WHAT YOU SHOULD DO:
A word-for-word copy of the lines below, starting at the line with "Philadelphia Eagles ActionHeat" and ending at the last one, is what you should give. Omit every picture.

INFORMATION GIVEN:
::::::::

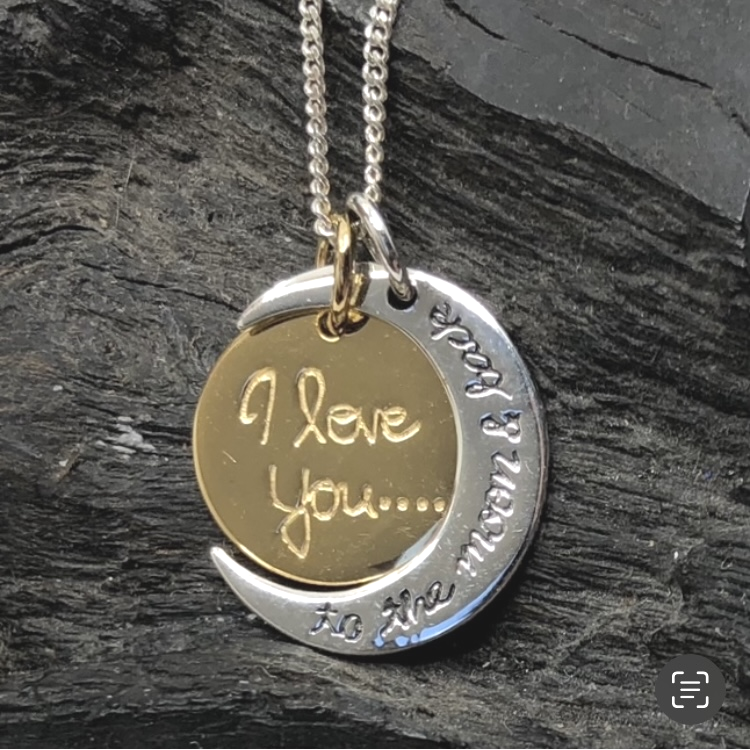 Gold Plated Silver Pendant I love you to moon and back with Silver Chain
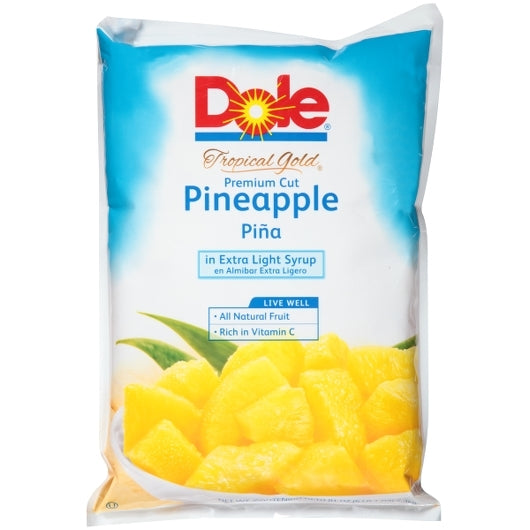 Dole Pineapple Chunks in Extra Light Syrup, 6 x 81 oz Case - Dried Fruit & Fruit Snacks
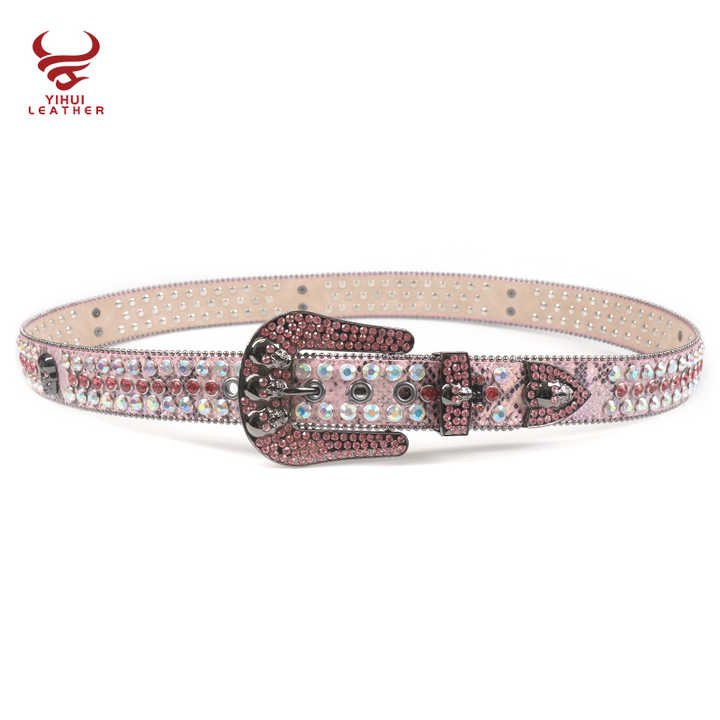 Women Pink Snakeskin Skull Belts Colorful Diamond Studded PU Leather Rhinestone Belt - 图片 5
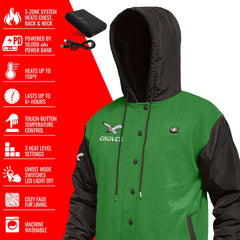 Philadelphia Eagles ActionHeat 5V Battery Heated Full-Snap Varsity Jacket Kelly Green/Black - NFL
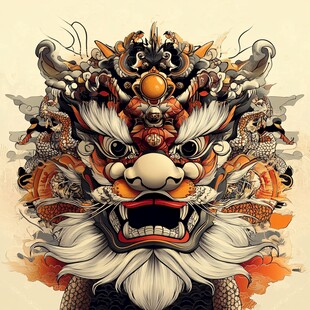 中式龙狮头图腾艺术插画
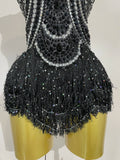 Sparkly Silver Rhinestones Pearl Tassels Bodysuit 2025 New Women Sexy Eveing Birthday Party Nightclub Stage Performance Costume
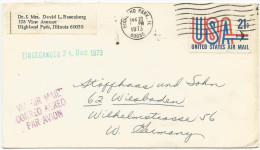 USA 1967 20c Blue Jays On Cover To Germany USED - Autres & Non Classés
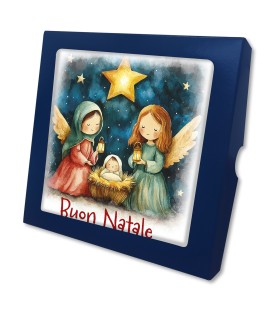 Quadretto in legno raffigurante due angioletti in adorazione di Gesù Bambino con scatola regalo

::::::::

TASK RESULT:
 Philadelphia Eagles ActionHeat 5V Battery Heated Full-Snap Varsity Jacket Kelly Green/Black - NFL
 中式龙狮头图腾艺术插画
 Sparkly Silver Rhinestones Pearl Tassels Bodysuit 2025 New Women Sexy Eveing Birthday Party Nightclub Stage Performance Costume
 USA 1967 20c Blue Jays On Cover To Germany USED - Autres & Non Classés
 Quadretto in legno raffigurante due angioletti in adorazione di Gesù Bambino con scatola regalo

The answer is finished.